Retrospective case report and consecutive case series from August 2021 to March 2023. Inclusion criteria were patients who underwent TSEB of posterior uveal lesions from Moorfields Eye Hospital and Sheffield Teaching Hospitals in the United Kingdom. The outcomes were biopsy success rate and complication rate

Eleven biopsies met the inclusion criteria. Eight (73%) were successful, which comprised six uveal melanomas, one melanocytoma and one extranodal marginal zone (ENMZ) lymphoma. One TSEB did not yield tissue for histological examination because of perioperative sample handling. Two (18%) biopsies were histologically inconclusive; both were treated as uveal melanoma on clinical grounds or repeat biopsy. The only complication was vitreous loss and retinal hole without retinal detachment in one eye with a very posterior, shallow choroidal lesion.

TSEB is an effective alternative to established biopsy techniques, yielding larger tissue samples than FNAB with intact tissue architecture. We recommend adding TSEB to the armamentarium of the ocular oncologist.

Diagnosis of uveal melanoma (UM) is commonly based on clinical findings and multimodal imaging in the vast majority of cases [1]. However, some intraocular masses pose a diagnostic challenge on clinical examination and imaging alone, and a tissue diagnosis is desirable. Some conditions can masquerade as UM; such as naevi, posterior scleritis and giant pigment epithelial detachment [2,3,4,5,6,7]. Though most UM patients present with painless visual disturbance or are asymptomatic at presentation, UM can rarely present atypically, mimicking other conditions, such as uveitis, scleritis, sarcoid or tuberculous granulomas [8, 9]. Differentiating these conditions can prove a diagnostic dilemma and intraocular diagnostic biopsy may be necessary [10].

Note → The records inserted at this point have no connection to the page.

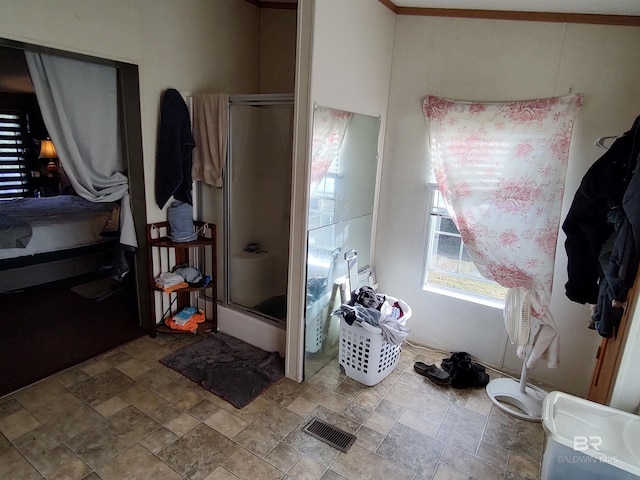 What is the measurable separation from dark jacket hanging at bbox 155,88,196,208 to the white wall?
153 centimetres

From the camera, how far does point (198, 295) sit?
323cm

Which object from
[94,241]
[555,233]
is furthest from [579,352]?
[94,241]

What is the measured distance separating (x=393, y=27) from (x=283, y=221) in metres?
1.65

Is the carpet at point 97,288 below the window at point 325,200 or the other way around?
below

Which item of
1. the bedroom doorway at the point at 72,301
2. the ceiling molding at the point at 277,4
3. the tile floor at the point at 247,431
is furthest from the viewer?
the ceiling molding at the point at 277,4

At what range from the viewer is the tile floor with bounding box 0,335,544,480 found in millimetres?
1806

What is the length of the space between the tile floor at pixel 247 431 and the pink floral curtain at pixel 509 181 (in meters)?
0.62

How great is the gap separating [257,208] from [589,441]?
250 centimetres

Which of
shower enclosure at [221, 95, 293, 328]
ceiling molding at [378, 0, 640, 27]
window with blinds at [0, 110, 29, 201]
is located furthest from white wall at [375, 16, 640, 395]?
window with blinds at [0, 110, 29, 201]

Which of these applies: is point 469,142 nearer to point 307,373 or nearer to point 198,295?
point 307,373

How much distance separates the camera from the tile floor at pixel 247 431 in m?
1.81

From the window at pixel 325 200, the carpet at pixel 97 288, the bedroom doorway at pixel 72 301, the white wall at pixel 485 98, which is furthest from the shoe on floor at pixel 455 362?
the carpet at pixel 97 288

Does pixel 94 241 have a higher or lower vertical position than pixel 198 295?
higher

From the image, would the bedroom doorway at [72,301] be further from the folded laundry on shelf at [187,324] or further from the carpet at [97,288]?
the folded laundry on shelf at [187,324] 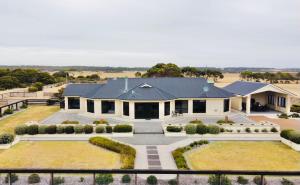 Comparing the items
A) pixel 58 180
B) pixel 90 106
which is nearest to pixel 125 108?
pixel 90 106

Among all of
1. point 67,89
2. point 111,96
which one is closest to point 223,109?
point 111,96

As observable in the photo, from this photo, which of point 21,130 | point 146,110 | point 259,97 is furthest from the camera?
point 259,97

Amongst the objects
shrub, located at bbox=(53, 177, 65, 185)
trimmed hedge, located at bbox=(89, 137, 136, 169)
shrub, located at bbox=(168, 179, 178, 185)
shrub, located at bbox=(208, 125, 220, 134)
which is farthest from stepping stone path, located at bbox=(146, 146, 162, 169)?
shrub, located at bbox=(53, 177, 65, 185)

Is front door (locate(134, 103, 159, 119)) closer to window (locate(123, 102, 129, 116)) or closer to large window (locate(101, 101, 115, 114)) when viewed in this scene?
window (locate(123, 102, 129, 116))

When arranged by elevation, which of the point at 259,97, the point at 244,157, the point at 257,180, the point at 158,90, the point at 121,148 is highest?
the point at 158,90

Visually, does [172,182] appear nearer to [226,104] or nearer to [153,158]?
[153,158]

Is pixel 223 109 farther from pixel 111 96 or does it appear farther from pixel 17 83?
pixel 17 83

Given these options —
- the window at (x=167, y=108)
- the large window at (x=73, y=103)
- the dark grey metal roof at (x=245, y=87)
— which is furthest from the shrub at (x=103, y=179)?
the dark grey metal roof at (x=245, y=87)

Fine needle aspiration biopsy (FNAB) is the established technique for taking a tumour sample. However, its diagnostic accuracy can be limited by the location and access to the lesion, small yields and the requirement for specialist interpretation by an ophthalmic histopathologist or cytopathologist. The FNAB sampling method disrupts tissue architecture, making interpretation challenging in cases [1, 11,12,13]. The Essen forceps biopsy, as described by Akgul et al. [14], is a suitable alternative to FNAB [11]. The Essen forceps were designed for transvitreal approach biopsies. Herein, we describe our experience of using the Essen forceps to take tumour biopsies ab externo, utilising a partial-thickness scleral flap technique. This study describes the technique and reviews the success and complication rates of trans-scleral Essen biopsy (TSEB) technique performed at two tertiary ocular oncology centres in the UK. We also report an illustrative case highlighting the added value of TSEB in selected cases.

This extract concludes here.